A definite decision is unlikely to be made until the President returns from Japan where he is on an official visit, but politicians in Moscow are complaining that there is too little time to organise proper parliamentary elections for 11 and 12 December as scheduled. Yesterday Itar-Tass news agency quoted Georgy Satarov, a member of the presidential council, as saying Mr Yeltsin would probably 'agree to re- election in March 1994 simultaneously with elections to the representative powers within the Russian Federation'.

If this happens, the irony will not be lost on supporters of the old parliament which, after resisting the idea of pre- term elections for many months and provoking Mr Yeltsin to dissolve it on 21 September, offered the President the concession of March elections to both the executive and legislature. He rejected this, saying Russia would be left with no one in charge if all its leaders were engaged in election campaigning at once.

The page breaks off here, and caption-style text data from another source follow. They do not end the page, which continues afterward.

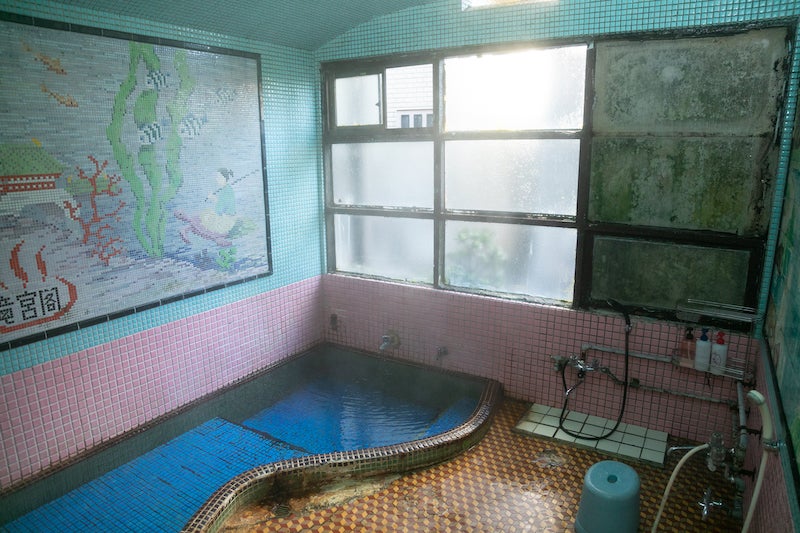 カラフルなタイル張りの浴場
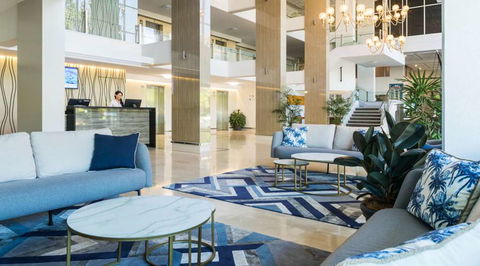 Pacific Hotel Cairns - Holiday Byron Bay 2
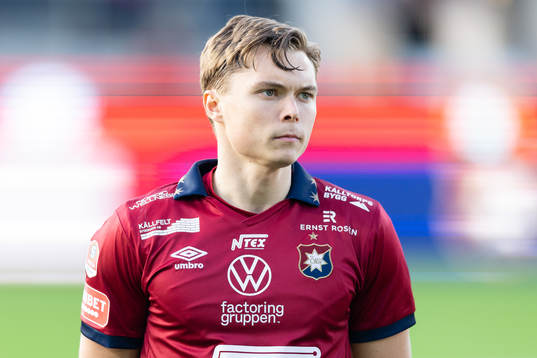 Örgrytes Linus Tagesson på line up innan fotbollsmatchen
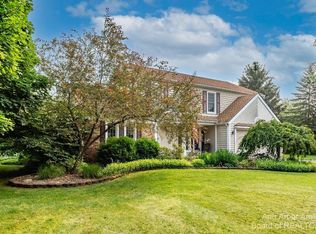 6691 Heatheridge Dr, Saline, MI 48176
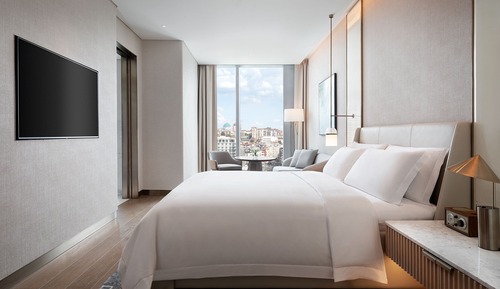 Grand Room, 1 King Bed, Non Smoking, City View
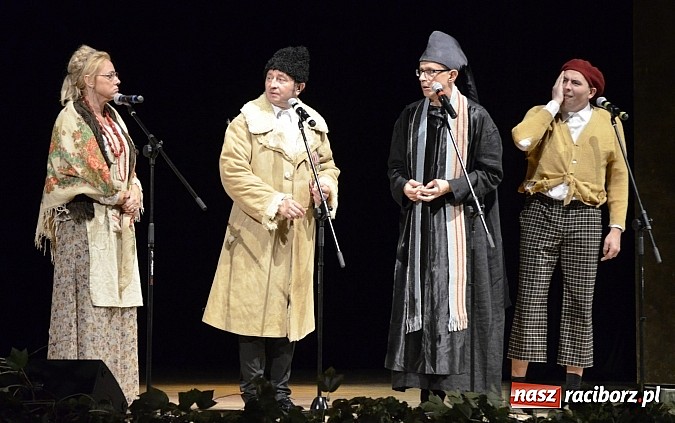 Zdjęcie w galerii na portalu naszraciborz.pl: Kabaret pod Wyrwigroszem bawił w RCK wiadomości z regionu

But Mr Satarov saw other problems if the polls were not held simultaneously. 'The postponement of elections to the Federal Assembly (new parliament), without the fixing of simultaneous presidential elections, could be regarded by the opposition as the President's striving to prolong authoritarian rule,' he said. 'Simultaneous elections will be the expression of Mr Yeltsin's striving to continue democratic transformations.'

More than 120 people died in last week's fighting and many Russians, who saw little difference between the two sides struggling for power, are asking what the bloodshed, worse than during the October Revolution of 1917, was all for.

Since all hardline parties involved in the uprising have been banned, the main legal opposition comes from centrists and industrialists. Some extreme nationalists, however, avoided being dragged into last week's fight and are still operating. The fascist leader Vladimir Zhirinovsky, is very much looking forward to taking part in the vote.

TOKYO - Mr Yeltsin yesterday told the Japanese Prime Minister, Morihiro Hosokawa, that Russia recognised the existence of the dispute over four small islands in the Kuriles chain, seized by Soviet troops at the end of the Second World War, Reuter reports.

The dispute, which has prevented Japan signing a peace treaty on the war or extending large-scale aid to Russia, will be taken up by Mr Hosokawa when he visits Russia.

Mr Yeltsin asked Mr Hosokawa to take the initiative in rescheduling Russia's debts to Japan, which he said amounted to dollars 1.6bn ( pounds 1.05bn) and would reach dollars 2bn in another half-year.